LCG SPECIAL JOINT COUNCIL MEETING FROM CHRIS.jpg
Posted at 7:13 PM, Jan 21, 2020
and last updated 2020-01-21 23:59:07-05

Tonight, the Lafayette City and Parish councils unanimously voted to split public works.

The department will be broken up into three departments: public works, drainage and traffic, roads and bridges.

The next step is in the coming days for Mayor-President Josh Guillory to sign the ordinance into effect. This is his first ordinance as Mayor-President and although he had unanimous support, that didn't come without some compromise.

Guillory is hopeful that breaking up public works will increase accountability and improve workflow.

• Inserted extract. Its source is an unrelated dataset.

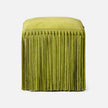 Made Goods Hallie Stool with plush fur upholstery and wooden legs, modern accent piece for living room or bedroom decor.
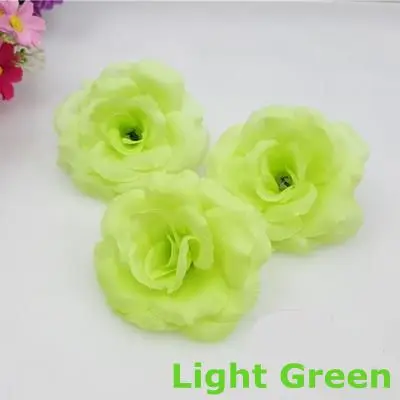 Light Green 10 шт./лот 8 см глубокий розовый цвет Искусственный Роуз Шелковый цветок головок DIY Свадебные украшения дома праздничные вечерние поставки можно смешивать Цвет - Цвет: Light Green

"It's a win for the people of Lafayette," Guillory said. "This is an area where we shrink public works and when you shrink the size of any entity in government, you have more accountability."

This is the first phase of Guillory's plan.

"Step two is getting it more organized. Step three is us working together to see how we can get more boots on the ground," the Mayor-President said.

Lafayette Parish Councilman Kevin Naquin said, "On the front end, I just don't want it to be perceived that we're going to vote on this and that this is all of a sudden magic and people's request for service is going to be done. This is a formality and trying to get there. We're moving in the right direction."

Originally, funding for the positions was slated to come from four vacant positions; including two environmental quality jobs. The councils amending the ordinance to keep the EQ jobs in place, but not fill them right now.

Guillory said, "I had some feedback from my colleagues on the council. I welcome that and going forward, this should serve as good will for our people showing that we are working together."

Public works currently has more than 300 employees and Guillory maintains that splitting the department will eventually cut costs and reduce response time.

Lafayette City Council Member Liz Webb Hebert said, "I'm optimistic that this will work. I hope that the directors that you hire will not just be status quo and sit idle. I hope that they have goals and efficiency standards that they're required to meet."

Once the ordinance is signed into effect, Guillory will announce the interim directors of the two new departments.